You, with your one in twenty? You’ve got about a 40 percent chance of an error in ten changes. One in a hundred, you say? You still have a ten percent chance of an error in ten changes.

And the thing is, after ten changes, when an error shows up, we’ve got a debugging situation on our hands. When after one change, an error shows, we either see it and fix it, or back it out and do it again. Either way, very rarely do we need to debug.

That’s why small steps, trivially small steps, are faster than larger ones. Fewer surprises, less debugging, and way less going WTF.

So small steps work, not because we’re smart, not only if we happen to be particularly dull, but because when we chain probabilities, the bad news comes really soon. That’s why a trifecta pays off so much: calling three horses is way ore than three times harder than calling one.

Wow. I just realized that this article is over 1000 lines long. that’s a lot. Let’s wrap up.

Summary

Eight commits. Not bad, given the diversion where I had to roll back. And, again, I don’t consider those to be a failure just a learning experiment. Only if I found myself giving up on the whole idea would I feel a sense of failure, and even then, I feel sure I’ll have a better idea tomorrow. In a way, it’s like writing. We write a draft, revise, sometimes throw away and rewrite. Unless you’re one of those stream of consciousness writers like YT in these articles. But that’s intentional: I mostly want you to see what I think and what happens. And, I do revise: I’m revising this paragraph right now.

We’ve improved things, and I think the improvement is more valuable than it may appear at first glance. We’ve got a much simpler object, the Phrase, sliding through the command processing, right up until the last minute, where we plug in the world and room and turn an Action loose to do the work.

Much simpler, and we’re not done yet.

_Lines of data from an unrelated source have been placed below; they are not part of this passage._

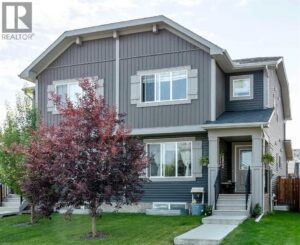 7 Emberside Hollow, Cochrane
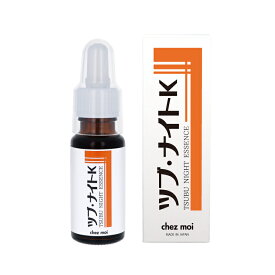 【大感謝価格】ツブ・ナイトK エッセンス 20mL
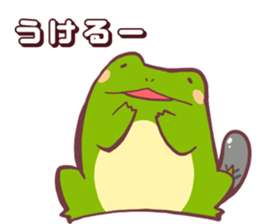 Chicken and frog sticker #5109437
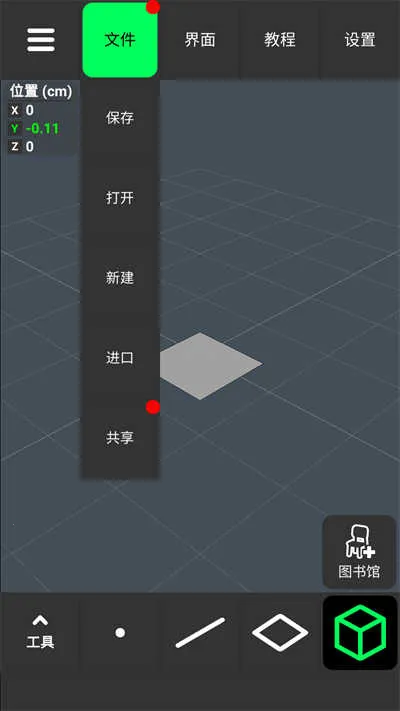 3D建模工具(3D建模软件) 3D建模工具(3D建模软件)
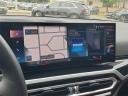 Thumbnail image of 2023 BMW 3 Series at LaFontaine Volvo Cars of Farmington Hills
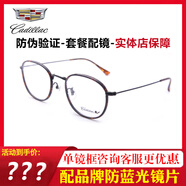 凱迪拉克Cadillac眼鏡框男女式近視眼鏡架合金商務(wù)眼鏡框C2069D C2069D-BLK豹紋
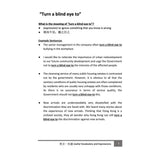 Useful Vocabulary and Expressions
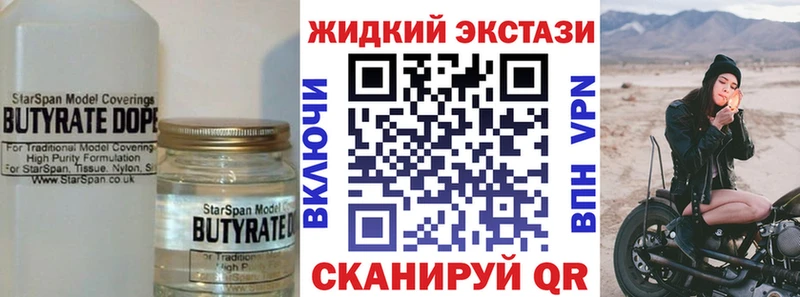 Бутират жидкий экстази  хочу   Верхняя Пышма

I think we’d like to change the Verbs map to return a Phrase instead of an Imperative. That won’t take long at all, even though there are quite a few lines involved. We already changed all the Imperatives to contain a Phrase, and that included changing all the verb maps. So we can be sure that the other change, with the help of IDEA, will likely also be easy.

A good morning, even if it did start at Sparrow’s.